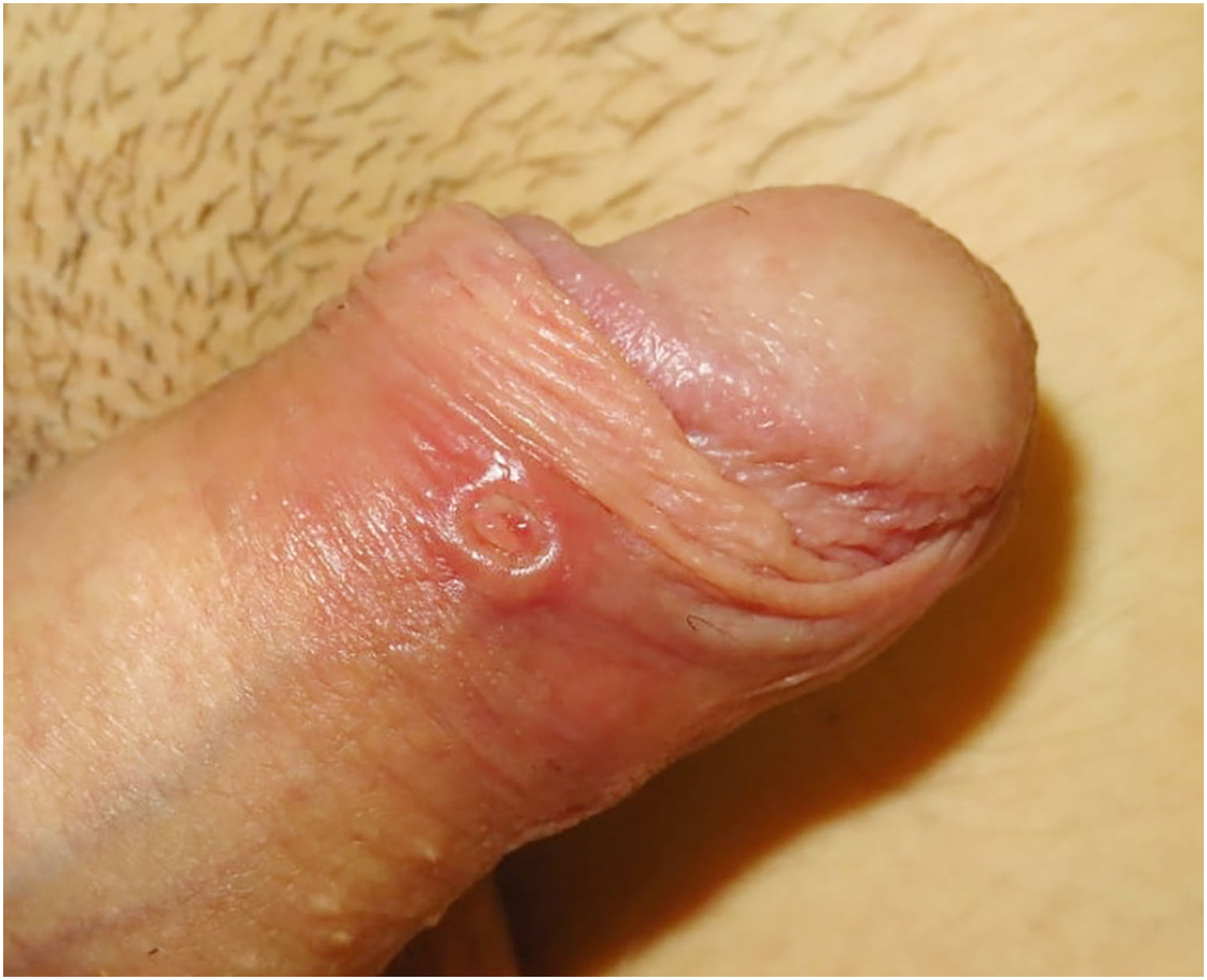 fig0005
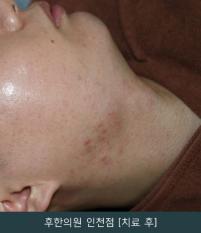 치료 후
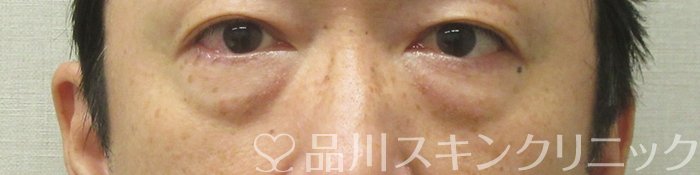 症例NO.74836のBEFORE写真
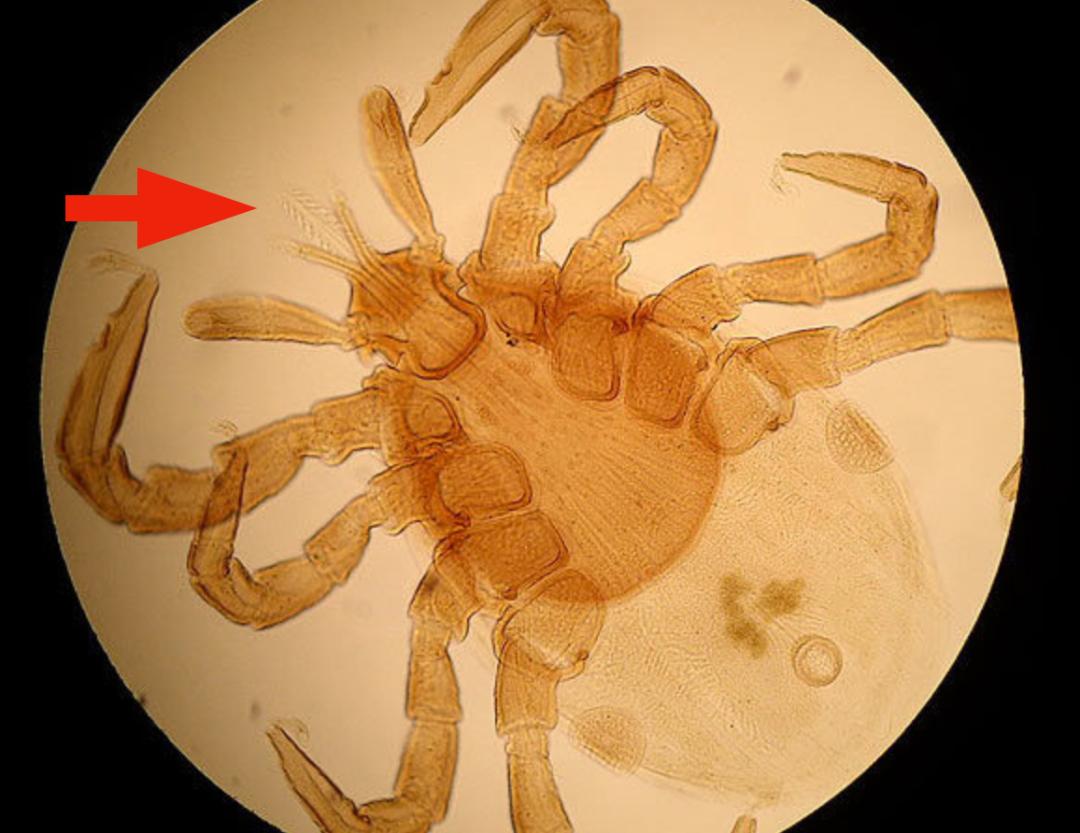 虫子爬到身体里,虫子爬到后背皮肤里面去了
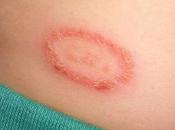 What Ringworm? Treat Ringworm Natural Medicines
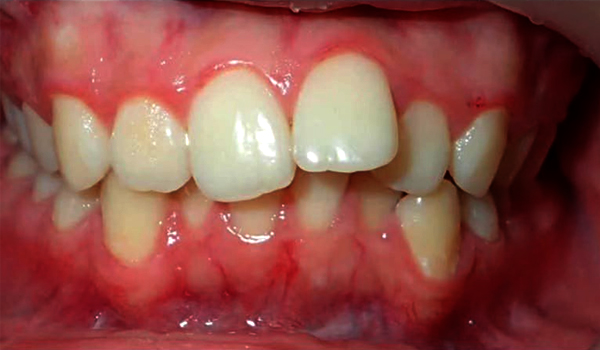 Before Invisalign Overbite Treatment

• **What you are asked to do**
All lines from the line with "虫子爬到身体里,虫子爬到后背皮肤里面去了" through the final line of the data, both included, are to be repeated exactly; no other lines and no pictures.

• **Response to the task**
 虫子爬到身体里,虫子爬到后背皮肤里面去了
 What Ringworm? Treat Ringworm Natural Medicines
 Before Invisalign Overbite Treatment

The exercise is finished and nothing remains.